Ante todo, es importante recordar que, como mamíferos, nuestro primer vínculo afectivo con el mundo es oral. Desde el momento en que nacemos, establecemos esta conexión a través del alimento: el pecho materno, la leche. Este acto primario no solo satisface nuestra necesidad de nutrición, sino que también construye una sensación de seguridad y amor. Incluso en la vida adulta, la comida sigue siendo una de las formas principales de expresar afecto hacia los demás. Cuando compartimos una comida con alguien o cocinamos para ellos, el mensaje implícito es claro: «te estoy cuidando, te quiero». Esta íntima relación entre el alimento y el amor nos acompaña toda la vida, influyendo en nuestra forma de relacionarnos con los demás y con nosotros mismos.
Por eso, nuestras relaciones con la comida suelen reflejar nuestros estados emocionales y conflictos internos. Cuando el amor escasea o nos sentimos abandonados, la comida puede convertirse en un sustituto (como ocurre en casos de bulimia). Por el contrario, cuando nos sentimos rechazados o en conflicto con quienes deberían cuidarnos, podemos negarnos inconscientemente a comer (anorexia). Así, el alimento no es solo una necesidad biológica, sino también una expresión simbólica de cuidado, vínculo y amor.
De este modo, las acciones cotidianas relacionadas con la comida —como hacer la compra, cocinar o servirla— no son meras tareas domésticas. Representan una manifestación directa de cómo cuidamos y expresamos afecto hacia los demás. Por eso, cuando una madre pregunta repetidamente a su hijo «¿qué quieres de comer?» o lo empuja prematuramente a hacerse responsable de cocinar, recoger la mesa, etc., el mensaje que el niño puede recibir, aunque sea de forma inconsciente, es: «No quiero cuidarte» o «No tengo tiempo ni fuerzas para ocuparme de ti». En otras palabras, el niño interpreta este gesto como un signo de abandono emocional: «¡Cuídate tú solo!»

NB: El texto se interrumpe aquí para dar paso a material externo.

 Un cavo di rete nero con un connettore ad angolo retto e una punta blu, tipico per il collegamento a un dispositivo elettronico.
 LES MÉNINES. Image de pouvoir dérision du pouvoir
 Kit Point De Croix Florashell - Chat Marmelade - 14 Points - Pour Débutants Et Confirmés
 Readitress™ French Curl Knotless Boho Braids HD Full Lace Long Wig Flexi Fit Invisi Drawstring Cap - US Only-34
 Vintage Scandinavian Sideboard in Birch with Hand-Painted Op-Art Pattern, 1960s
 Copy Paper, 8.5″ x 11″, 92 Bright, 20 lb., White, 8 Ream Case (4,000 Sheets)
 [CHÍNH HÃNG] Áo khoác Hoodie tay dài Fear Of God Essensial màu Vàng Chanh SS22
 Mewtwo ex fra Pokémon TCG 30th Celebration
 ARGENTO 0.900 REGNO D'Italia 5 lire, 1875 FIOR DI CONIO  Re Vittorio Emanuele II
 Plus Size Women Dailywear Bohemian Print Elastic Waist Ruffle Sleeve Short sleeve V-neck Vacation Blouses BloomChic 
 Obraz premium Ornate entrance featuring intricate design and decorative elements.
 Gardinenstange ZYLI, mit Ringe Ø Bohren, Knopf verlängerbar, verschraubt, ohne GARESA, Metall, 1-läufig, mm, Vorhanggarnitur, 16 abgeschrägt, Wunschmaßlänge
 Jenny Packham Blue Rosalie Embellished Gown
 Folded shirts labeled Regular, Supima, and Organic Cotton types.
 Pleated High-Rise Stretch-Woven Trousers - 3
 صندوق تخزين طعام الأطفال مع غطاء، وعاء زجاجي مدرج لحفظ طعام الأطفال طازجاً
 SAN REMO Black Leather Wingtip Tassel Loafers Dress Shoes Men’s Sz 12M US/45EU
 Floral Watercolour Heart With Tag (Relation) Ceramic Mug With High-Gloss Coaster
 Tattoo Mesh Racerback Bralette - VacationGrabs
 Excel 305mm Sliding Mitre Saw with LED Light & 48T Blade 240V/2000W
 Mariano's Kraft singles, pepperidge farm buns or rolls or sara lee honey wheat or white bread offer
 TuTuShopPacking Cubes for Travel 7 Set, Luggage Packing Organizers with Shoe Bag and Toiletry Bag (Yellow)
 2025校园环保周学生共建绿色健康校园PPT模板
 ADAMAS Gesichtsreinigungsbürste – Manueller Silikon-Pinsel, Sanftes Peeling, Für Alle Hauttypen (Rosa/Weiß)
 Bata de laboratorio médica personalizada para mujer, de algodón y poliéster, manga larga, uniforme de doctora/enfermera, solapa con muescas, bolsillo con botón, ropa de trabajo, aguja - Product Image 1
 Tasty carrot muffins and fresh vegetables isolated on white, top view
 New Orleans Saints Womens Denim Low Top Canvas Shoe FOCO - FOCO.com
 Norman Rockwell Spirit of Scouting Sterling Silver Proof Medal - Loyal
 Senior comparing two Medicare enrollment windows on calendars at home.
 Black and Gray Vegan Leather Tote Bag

Esta tendencia moderna de buscar que los niños desarrollen «autonomía» tempranamente no es más que un reflejo de la incapacidad emocional de muchos adultos para asumir plenamente su rol de cuidadores. A menudo, esto se debe a sus propias carencias afectivas: si ellos no fueron cuidados de manera adecuada en su infancia, ¿cómo podrán cuidar a sus propios hijos? Además, el ritmo de vida moderno, cargado de estrés y responsabilidades, dificulta aún más que los padres dediquen el tiempo y la energía necesarios para preparar una comida con amor y cuidado para sus pequeños.
Por eso, la madre en el supermercado, la que pregunta apresuradamente «¿qué quieres de comer?», no es simplemente alguien que fomenta la autonomía de su hijo. Es una mujer probablemente agotada, abrumada por sus propias carencias y preocupaciones. Quizás desde niña ha sentido la falta de un afecto genuino, y ahora, con prisas y una mirada que parece necesitar salir de ahí cuanto antes, repite sin querer este patrón emocional. Mientras tanto, el niño, pequeño y frágil, se queda solo ante la tarea de decidir algo que no debería corresponderle. La última escena que observé me conmovió profundamente: un niño flaco y silencioso, con una mirada tristísima, vagaba por los pasillos buscando una respuesta entre las interminables estanterías de productos, incapaz de encontrar el consuelo y la seguridad que solo una figura adulta podría ofrecerle.
Si queremos criar niños emocionalmente fuertes, seguros y felices, debemos ser conscientes de la importancia de estas pequeñas acciones cotidianas. Cuidar, nutrir y decidir por ellos en las etapas adecuadas no es sobreprotección, es amor. Porque la verdadera autonomía no se fuerza, se construye sobre la base de un cuidado afectuoso y consistente que les permita, cuando estén listos, caminar solos por el mundo con confianza y seguridad.